Look below for the line with "Шестиместная палатка Talberg Base 6 Sahara" and the line with "Out From Under"; repeat exactly those two lines and all lines between them, but no pictures.

> **INPUT DATA**
───
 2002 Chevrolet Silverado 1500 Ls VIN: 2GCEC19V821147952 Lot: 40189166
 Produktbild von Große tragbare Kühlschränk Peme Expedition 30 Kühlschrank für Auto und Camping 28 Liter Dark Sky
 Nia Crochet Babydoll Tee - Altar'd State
───
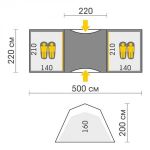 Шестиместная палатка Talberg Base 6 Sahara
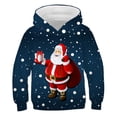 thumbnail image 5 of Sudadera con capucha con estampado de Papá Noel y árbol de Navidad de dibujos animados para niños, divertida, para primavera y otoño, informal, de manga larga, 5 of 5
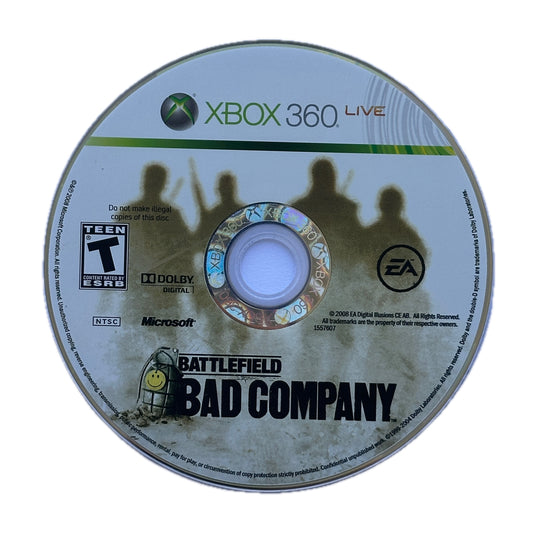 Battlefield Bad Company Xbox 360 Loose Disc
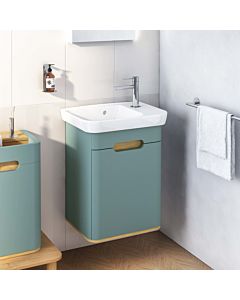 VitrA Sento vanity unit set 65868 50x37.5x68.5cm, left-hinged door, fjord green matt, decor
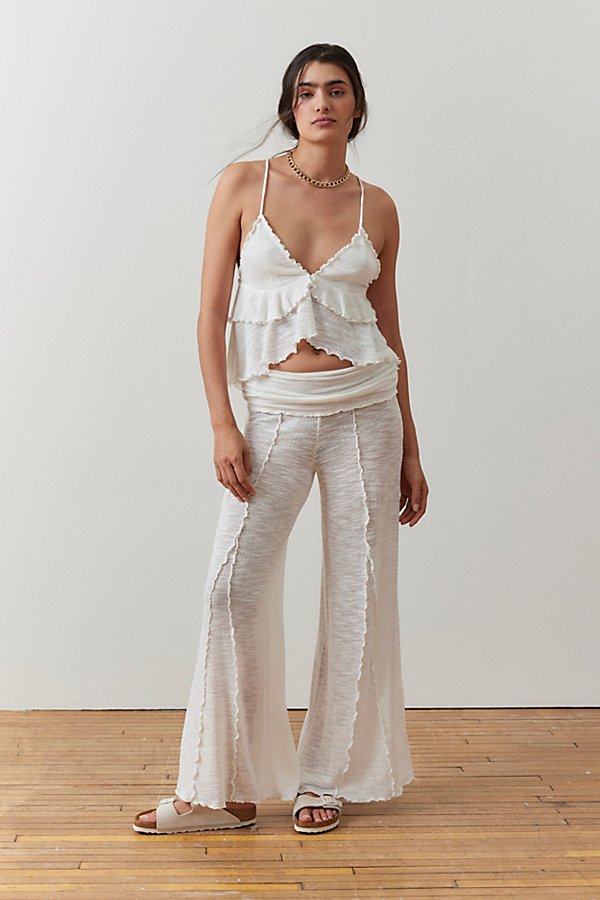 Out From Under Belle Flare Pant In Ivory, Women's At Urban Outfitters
───
> **PROBLEM SOLUTION**
 Шестиместная палатка Talberg Base 6 Sahara
 thumbnail image 5 of Sudadera con capucha con estampado de Papá Noel y árbol de Navidad de dibujos animados para niños, divertida, para primavera y otoño, informal, de manga larga, 5 of 5
 Battlefield Bad Company Xbox 360 Loose Disc
 VitrA Sento vanity unit set 65868 50x37.5x68.5cm, left-hinged door, fjord green matt, decor
 Out From Under Belle Flare Pant In Ivory, Women's At Urban Outfitters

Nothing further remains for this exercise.